--- Problem ---
From the line containing "Item preview, Graceful" down to the line containing "Alexander Wang Twyst" in the records below, reproduce every line exactly, ends included, and omit all others.

--- Dataset excerpts ---
Segment Open

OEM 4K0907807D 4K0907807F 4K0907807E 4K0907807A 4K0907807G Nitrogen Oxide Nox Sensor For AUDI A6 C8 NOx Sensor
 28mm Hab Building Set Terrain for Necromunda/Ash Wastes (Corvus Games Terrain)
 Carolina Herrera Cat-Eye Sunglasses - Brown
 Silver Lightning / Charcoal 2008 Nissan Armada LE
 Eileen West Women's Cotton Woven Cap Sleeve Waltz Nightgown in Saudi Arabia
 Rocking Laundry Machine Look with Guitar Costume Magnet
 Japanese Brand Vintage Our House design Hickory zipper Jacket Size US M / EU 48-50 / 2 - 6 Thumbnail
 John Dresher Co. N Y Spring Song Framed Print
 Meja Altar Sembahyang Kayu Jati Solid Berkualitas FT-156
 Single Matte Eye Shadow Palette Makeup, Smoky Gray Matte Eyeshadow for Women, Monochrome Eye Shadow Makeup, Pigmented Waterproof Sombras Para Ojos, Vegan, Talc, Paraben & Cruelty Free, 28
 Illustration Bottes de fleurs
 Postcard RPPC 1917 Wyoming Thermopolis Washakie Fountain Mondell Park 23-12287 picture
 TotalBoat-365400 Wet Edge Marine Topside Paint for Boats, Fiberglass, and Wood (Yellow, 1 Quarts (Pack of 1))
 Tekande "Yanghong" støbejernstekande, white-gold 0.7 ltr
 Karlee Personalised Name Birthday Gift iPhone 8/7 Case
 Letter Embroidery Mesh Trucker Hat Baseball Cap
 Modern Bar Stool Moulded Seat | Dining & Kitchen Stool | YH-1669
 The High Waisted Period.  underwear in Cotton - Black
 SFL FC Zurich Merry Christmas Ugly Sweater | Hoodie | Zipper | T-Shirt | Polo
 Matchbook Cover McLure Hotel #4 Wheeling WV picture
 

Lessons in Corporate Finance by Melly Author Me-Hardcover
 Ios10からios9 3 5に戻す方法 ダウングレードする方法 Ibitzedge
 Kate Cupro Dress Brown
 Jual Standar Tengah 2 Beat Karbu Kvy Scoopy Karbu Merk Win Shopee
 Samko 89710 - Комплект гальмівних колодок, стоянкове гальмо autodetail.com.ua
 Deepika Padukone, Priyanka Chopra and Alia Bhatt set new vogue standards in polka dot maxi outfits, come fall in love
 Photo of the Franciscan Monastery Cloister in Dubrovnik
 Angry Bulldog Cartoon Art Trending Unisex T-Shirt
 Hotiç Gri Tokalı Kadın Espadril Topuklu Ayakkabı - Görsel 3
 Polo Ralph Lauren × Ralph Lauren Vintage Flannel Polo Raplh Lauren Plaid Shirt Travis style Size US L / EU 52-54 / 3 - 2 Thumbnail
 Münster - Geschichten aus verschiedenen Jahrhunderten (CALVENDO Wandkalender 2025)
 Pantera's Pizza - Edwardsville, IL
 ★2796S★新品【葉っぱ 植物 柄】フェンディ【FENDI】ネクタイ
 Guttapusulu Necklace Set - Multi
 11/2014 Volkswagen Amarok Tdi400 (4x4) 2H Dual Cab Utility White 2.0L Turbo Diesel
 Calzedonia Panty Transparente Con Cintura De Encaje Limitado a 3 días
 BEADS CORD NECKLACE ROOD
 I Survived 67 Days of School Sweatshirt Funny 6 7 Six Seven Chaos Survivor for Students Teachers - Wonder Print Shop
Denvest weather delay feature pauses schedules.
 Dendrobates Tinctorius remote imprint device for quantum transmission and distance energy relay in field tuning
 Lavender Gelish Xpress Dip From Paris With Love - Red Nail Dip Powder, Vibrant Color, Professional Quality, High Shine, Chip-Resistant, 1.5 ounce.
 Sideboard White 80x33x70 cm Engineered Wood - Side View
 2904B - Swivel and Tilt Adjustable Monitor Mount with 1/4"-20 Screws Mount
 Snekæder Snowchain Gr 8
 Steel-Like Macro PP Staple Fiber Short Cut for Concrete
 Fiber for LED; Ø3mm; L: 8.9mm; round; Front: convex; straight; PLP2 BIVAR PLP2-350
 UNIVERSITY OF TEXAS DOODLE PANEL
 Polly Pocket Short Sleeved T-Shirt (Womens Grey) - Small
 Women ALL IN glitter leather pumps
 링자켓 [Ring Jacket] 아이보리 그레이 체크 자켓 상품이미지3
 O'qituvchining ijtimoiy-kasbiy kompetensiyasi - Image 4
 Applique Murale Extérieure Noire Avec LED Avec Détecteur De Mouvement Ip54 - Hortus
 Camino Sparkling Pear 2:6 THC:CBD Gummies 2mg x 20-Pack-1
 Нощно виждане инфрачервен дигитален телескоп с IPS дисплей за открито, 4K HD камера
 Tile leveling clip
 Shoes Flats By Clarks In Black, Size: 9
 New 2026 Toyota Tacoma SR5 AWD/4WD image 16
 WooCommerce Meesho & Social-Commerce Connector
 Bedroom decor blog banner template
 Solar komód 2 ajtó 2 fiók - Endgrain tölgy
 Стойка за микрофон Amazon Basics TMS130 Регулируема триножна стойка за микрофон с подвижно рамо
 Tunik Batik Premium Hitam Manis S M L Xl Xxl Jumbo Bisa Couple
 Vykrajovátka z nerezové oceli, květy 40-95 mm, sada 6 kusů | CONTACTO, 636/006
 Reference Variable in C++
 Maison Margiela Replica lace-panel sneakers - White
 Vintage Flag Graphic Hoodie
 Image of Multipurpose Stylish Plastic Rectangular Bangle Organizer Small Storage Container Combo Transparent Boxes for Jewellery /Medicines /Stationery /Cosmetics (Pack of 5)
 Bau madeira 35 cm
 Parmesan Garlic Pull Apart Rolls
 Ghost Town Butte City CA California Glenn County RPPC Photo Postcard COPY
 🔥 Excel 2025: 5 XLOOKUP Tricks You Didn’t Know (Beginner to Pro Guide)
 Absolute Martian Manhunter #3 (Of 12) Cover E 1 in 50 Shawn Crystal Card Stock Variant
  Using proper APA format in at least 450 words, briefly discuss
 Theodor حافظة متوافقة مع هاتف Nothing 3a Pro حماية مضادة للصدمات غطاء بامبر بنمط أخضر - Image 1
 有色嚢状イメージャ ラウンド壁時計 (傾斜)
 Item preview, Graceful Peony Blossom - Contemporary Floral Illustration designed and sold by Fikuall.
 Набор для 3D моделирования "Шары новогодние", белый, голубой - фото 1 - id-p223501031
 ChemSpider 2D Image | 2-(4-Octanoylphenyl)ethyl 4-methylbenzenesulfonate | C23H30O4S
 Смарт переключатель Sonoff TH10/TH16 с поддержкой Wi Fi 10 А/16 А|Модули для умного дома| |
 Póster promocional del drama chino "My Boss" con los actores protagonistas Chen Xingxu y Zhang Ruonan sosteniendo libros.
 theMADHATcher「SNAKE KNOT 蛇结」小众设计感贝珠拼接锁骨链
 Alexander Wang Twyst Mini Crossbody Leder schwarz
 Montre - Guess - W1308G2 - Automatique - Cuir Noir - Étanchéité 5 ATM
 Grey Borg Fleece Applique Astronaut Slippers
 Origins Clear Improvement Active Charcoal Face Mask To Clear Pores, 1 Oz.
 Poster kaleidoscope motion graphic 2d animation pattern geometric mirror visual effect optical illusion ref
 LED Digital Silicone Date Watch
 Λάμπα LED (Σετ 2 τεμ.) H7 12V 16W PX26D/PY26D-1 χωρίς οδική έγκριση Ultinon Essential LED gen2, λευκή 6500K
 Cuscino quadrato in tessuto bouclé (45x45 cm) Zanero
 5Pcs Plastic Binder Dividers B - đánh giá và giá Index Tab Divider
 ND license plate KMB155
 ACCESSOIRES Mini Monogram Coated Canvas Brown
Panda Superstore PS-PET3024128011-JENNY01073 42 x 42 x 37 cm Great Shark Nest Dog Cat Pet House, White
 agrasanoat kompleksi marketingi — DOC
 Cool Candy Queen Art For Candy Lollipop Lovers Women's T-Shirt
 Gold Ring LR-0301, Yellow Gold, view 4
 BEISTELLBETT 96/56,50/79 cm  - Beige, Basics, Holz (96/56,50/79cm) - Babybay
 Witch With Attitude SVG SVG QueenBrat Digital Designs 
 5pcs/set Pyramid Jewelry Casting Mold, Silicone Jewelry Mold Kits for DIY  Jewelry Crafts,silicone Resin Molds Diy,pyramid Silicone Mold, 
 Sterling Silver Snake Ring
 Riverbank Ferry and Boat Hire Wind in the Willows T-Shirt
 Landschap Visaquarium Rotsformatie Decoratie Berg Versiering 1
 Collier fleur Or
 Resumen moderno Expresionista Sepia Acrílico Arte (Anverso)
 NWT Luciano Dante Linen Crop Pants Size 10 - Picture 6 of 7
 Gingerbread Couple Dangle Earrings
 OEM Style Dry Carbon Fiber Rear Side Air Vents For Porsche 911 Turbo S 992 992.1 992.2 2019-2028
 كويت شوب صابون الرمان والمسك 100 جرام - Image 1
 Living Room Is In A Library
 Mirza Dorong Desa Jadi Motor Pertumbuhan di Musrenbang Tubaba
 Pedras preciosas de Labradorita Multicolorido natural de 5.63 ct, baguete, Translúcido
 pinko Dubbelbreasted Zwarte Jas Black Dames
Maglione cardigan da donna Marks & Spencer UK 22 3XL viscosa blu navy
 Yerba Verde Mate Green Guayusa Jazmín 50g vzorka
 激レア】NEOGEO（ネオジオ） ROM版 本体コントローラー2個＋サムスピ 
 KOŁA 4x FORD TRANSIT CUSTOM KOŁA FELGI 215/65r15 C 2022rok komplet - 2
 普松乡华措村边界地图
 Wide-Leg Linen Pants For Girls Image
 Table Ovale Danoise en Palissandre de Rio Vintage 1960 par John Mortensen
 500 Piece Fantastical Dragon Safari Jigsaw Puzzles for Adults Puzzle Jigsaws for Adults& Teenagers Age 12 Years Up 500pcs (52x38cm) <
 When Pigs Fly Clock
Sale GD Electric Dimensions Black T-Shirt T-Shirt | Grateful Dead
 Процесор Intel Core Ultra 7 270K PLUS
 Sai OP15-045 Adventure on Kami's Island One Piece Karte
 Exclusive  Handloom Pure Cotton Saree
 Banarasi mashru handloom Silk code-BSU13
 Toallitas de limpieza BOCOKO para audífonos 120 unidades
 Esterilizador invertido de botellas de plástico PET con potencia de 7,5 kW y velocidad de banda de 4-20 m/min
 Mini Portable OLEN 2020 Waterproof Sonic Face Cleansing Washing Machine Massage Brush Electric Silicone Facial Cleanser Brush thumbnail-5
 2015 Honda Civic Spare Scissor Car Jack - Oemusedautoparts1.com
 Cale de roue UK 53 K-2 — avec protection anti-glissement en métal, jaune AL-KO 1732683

Segment Closed

--- Exercise result ---
 Item preview, Graceful Peony Blossom - Contemporary Floral Illustration designed and sold by Fikuall.
 Набор для 3D моделирования "Шары новогодние", белый, голубой - фото 1 - id-p223501031
 ChemSpider 2D Image | 2-(4-Octanoylphenyl)ethyl 4-methylbenzenesulfonate | C23H30O4S
 Смарт переключатель Sonoff TH10/TH16 с поддержкой Wi Fi 10 А/16 А|Модули для умного дома| |
 Póster promocional del drama chino "My Boss" con los actores protagonistas Chen Xingxu y Zhang Ruonan sosteniendo libros.
 theMADHATcher「SNAKE KNOT 蛇结」小众设计感贝珠拼接锁骨链
 Alexander Wang Twyst Mini Crossbody Leder schwarz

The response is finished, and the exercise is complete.